The college going student, Heemu, with an excitement of a first-time voter, waited at home for hours to go out and vote but it was not until in the afternoon when the long queue at the polling station had lessened and the winter sun had shone brightly and her mother had finished the daily chores as well. “I am excited to vote and to see for myself how the (electronic) voting machine works. I had, till now, just heard about the machine and how people voted. It feels good to finally experience that today,” Heemu told PTI.

She said she does not know much about politics and the parties here, but “believes” her vote can make a difference and could help in the betterment of the state. “I have no interest in politics and I do not know much about it. But I believe that a single vote can make a change. And if we need to change something, we have initiate a change,” she said. Heemu said the constituency was lagging behind in terms of development and the people needed to elect someone who could help in making their future better. “We need so many things here. There is no development.

We do not get electricity for hours together in a day. Water supply is pathetic. Sometimes we do not get water for a whole day or two and we have to get water from the nallahs. We need a MLA who can truly represent us and help this area to develop so that we get better facilities,” she said.
Heemu’s friend and classmate, Shaheena Bano (21), also said a vote had a power to mitigate the sufferings of the people, but candidly admitted that it was her father who influenced her decision to vote for a particular candidate.

“I do not know most of the candidates in fray, but my father told the family members to vote for a particular candidate saying after getting elected he could help the people of this area in many ways,” Shaheena said. By the time their turn to vote came, the sun was beginning to hide behind the hills and the evening chill had begun to set in, but there was still a long queue of electors, especially women, waiting to exercise their right to franchise.

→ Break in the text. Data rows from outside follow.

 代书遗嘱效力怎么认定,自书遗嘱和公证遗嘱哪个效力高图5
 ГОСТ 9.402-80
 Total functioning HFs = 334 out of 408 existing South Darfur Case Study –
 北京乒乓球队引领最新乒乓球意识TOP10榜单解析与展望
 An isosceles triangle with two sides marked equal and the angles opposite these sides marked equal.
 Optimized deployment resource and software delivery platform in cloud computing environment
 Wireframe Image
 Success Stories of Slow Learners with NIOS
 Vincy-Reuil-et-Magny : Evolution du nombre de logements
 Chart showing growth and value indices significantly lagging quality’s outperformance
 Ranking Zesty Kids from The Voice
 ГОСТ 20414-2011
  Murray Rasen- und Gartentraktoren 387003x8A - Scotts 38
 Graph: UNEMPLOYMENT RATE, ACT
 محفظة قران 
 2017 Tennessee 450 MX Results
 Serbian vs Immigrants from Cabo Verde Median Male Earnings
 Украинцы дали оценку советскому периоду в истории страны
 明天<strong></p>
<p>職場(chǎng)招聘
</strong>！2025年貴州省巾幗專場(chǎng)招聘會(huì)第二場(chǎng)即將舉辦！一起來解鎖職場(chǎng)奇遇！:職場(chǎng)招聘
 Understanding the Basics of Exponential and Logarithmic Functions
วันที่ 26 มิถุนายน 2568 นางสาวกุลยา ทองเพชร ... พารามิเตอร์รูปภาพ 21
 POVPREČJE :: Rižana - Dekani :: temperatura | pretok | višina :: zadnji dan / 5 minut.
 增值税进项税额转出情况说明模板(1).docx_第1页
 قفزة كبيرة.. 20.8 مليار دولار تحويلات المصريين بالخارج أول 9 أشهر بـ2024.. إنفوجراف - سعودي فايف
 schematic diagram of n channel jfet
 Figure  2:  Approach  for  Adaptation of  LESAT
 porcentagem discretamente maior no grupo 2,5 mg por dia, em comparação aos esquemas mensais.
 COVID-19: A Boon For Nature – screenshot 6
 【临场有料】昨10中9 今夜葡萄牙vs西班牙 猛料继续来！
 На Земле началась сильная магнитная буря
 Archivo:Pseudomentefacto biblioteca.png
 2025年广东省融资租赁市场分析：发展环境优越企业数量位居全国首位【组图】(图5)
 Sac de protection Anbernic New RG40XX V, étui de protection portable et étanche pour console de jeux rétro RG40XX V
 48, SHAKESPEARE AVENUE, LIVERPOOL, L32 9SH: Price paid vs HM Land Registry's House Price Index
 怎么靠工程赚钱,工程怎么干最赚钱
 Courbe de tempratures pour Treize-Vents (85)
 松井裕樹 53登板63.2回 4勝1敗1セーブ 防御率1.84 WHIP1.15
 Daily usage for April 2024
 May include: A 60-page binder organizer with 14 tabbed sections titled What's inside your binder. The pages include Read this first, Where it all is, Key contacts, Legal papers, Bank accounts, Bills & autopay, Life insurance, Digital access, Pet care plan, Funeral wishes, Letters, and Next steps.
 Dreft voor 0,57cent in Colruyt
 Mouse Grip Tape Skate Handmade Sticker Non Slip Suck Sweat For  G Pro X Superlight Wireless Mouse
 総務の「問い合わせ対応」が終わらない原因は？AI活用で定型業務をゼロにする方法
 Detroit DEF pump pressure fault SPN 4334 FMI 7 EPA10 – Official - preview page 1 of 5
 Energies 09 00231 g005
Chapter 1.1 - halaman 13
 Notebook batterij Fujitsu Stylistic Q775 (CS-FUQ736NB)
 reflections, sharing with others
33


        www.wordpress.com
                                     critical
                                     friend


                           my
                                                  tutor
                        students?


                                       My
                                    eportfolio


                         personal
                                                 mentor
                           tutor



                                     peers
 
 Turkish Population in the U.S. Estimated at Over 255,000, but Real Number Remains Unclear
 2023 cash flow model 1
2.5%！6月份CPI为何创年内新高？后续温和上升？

The polling at the station had to be briefly halted as the EVM had developed some snag in the morning. The poll staff at the booth said it took an hour to restart the voting and the time had to be extended so that people waiting in the lawn could vote. Even as many young faces in this constituency, and in many others as well, cast their maiden vote by the time voting came to an end, the excitement of a first-time vote would remain with them for many days to come.